Now, it's pretty easy to understand that for this to work we need to have our matrices to be conformable for multiplication. In our case we will have: y=[T,1]=[1000,1], Xpca=[T,P*N]=[1000,20*300]
Intuitively, what we are doing is to create a new feature for each lag (299=N-1) of each of the P=20 basic features.
I.e. for a given instance i, we will have something like this:
Instancei : x1,i, x1,i-1,..., x1,i-j, x2,i, x2,i-1,..., x2,i-j,..., xP,i, xP,i-1,..., xP,i-j with j=1,...,N-1:
Now, implementation of PLS in python is pretty straightforward.
# your 1000 pandas instances
instances = [pd.DataFrame(data=np.random.normal(0, 1, (300, 20))) for _ in range(1000)]

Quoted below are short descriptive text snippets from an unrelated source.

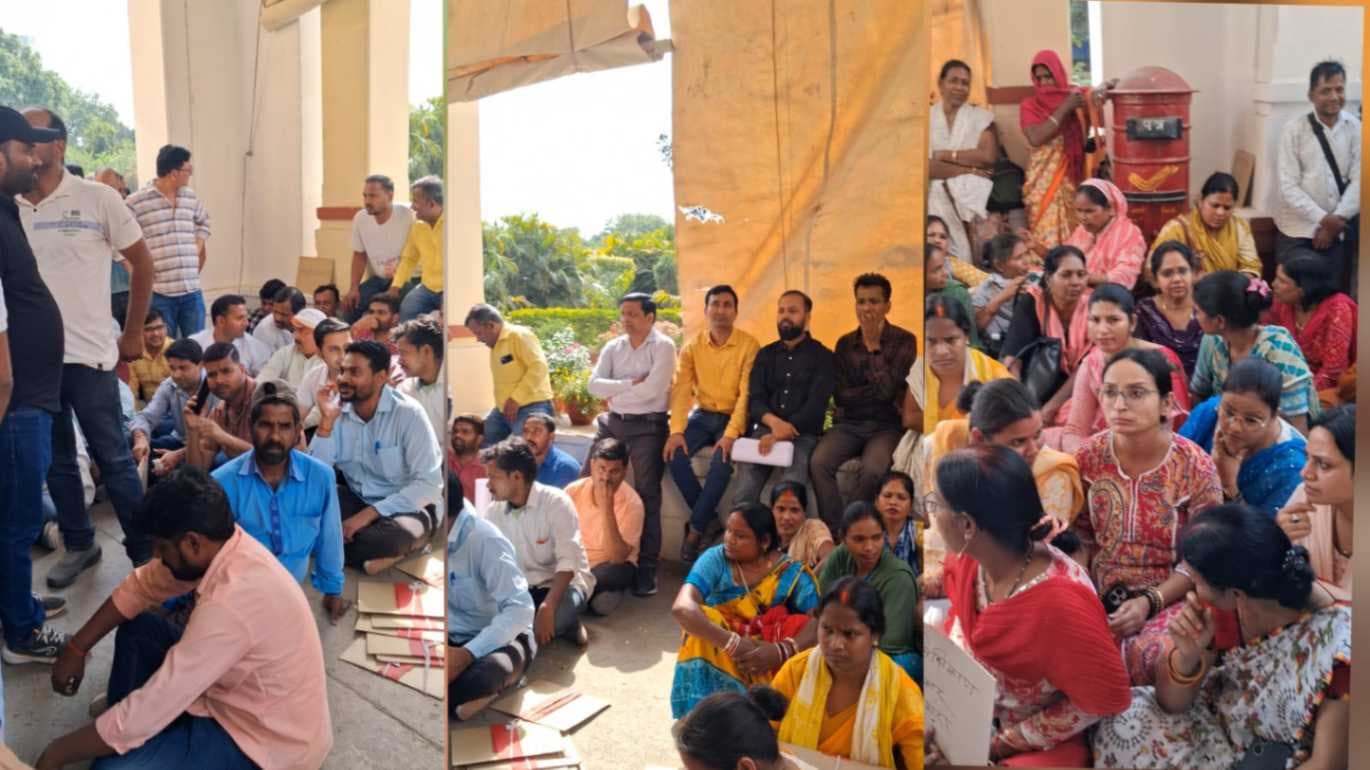 बीएचयू में दैनिक वेतन भोगी एवं संविदा कर्मियों ने दिया धरना , सामने आई यह वजह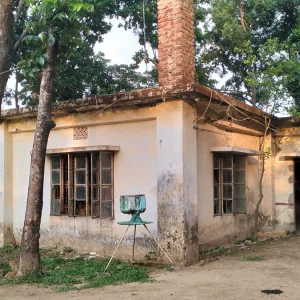 ঝুঁকিপূর্ণ ভবনে চলছে পুলিশ ফাঁড়ির কার্যক্রম, দুর্ঘটনার আশঙ্কা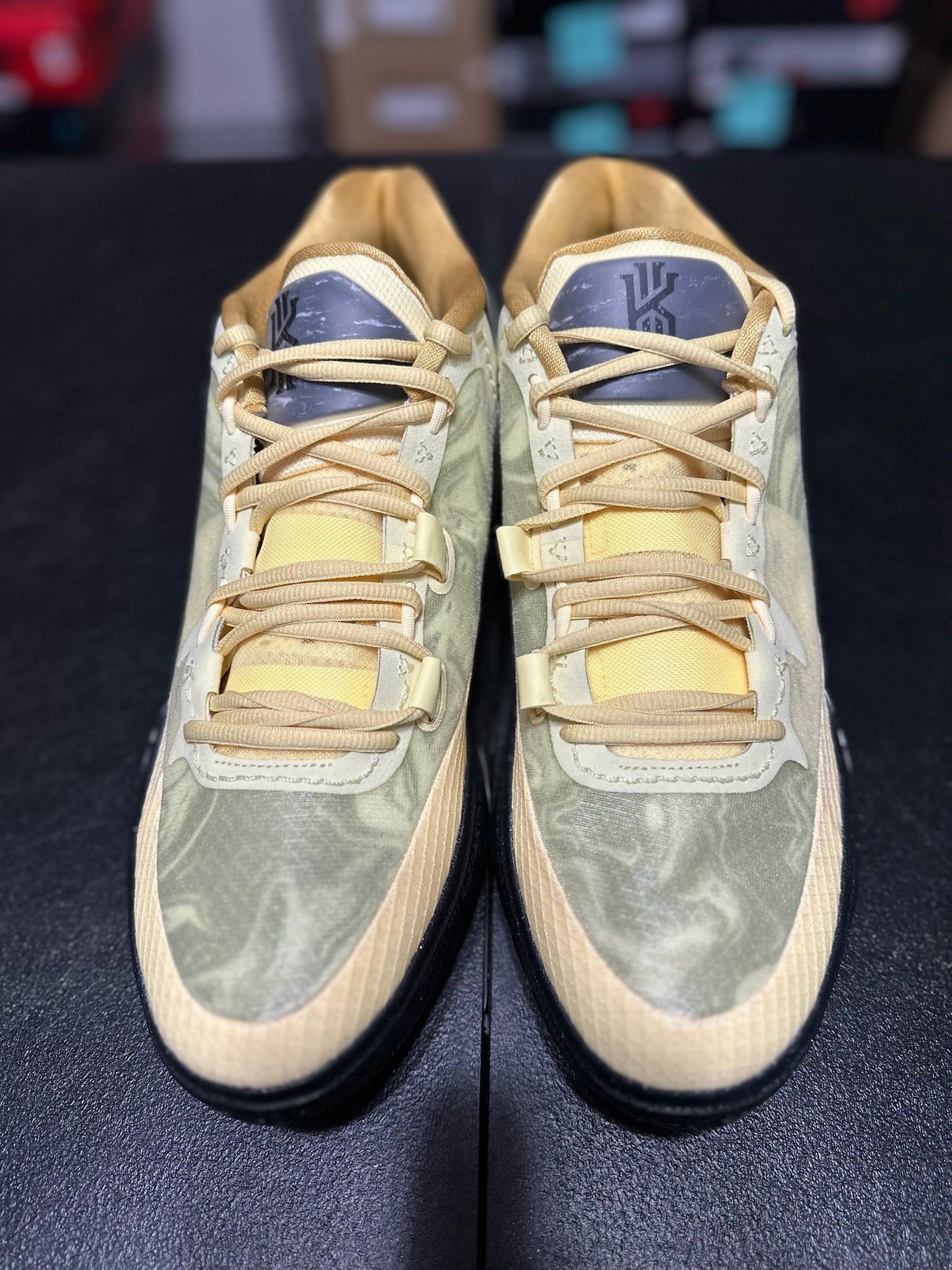 Size 13 - Kyrie 8 Citron Tint Leopard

# transformation to be able to process more easily the data as a numpy array
data=np.array([d.values for d in instances])
# reshape your data:
reshaped_data = data.reshape((1000, 20*300))
from sklearn.cross_decomposition import PLSRegression
n_comp=10
pls_obj=PLSRegression(n_components=n_comp)
factorsPLS=pls_obj.fit_transform(reshaped_data,y)[0]
factorsPLS.shape
Out[]: (1000, n_comp)
What is PLS doing?
To make things easier to grasp we can look at the three-pass regression filter (working paper here) (3PRF). Kelly and Pruitt show that PLS is just a special case of theirs 3PRF:
()
Where Z represents a matrix of proxies. We don't have those but luckily Kelly and Pruitt have shown that we can live without it. All we need to do is to be sure that the regressors (our features) are standardized and run the first two regressions without intercept. Doing so, the proxies will be automatically selected.
So, in short PLS allows you to
- Achieve further dimensionality reduction than PCA.
- account for both the cross-sectional variability among the features and time series information of each series when creating the factors.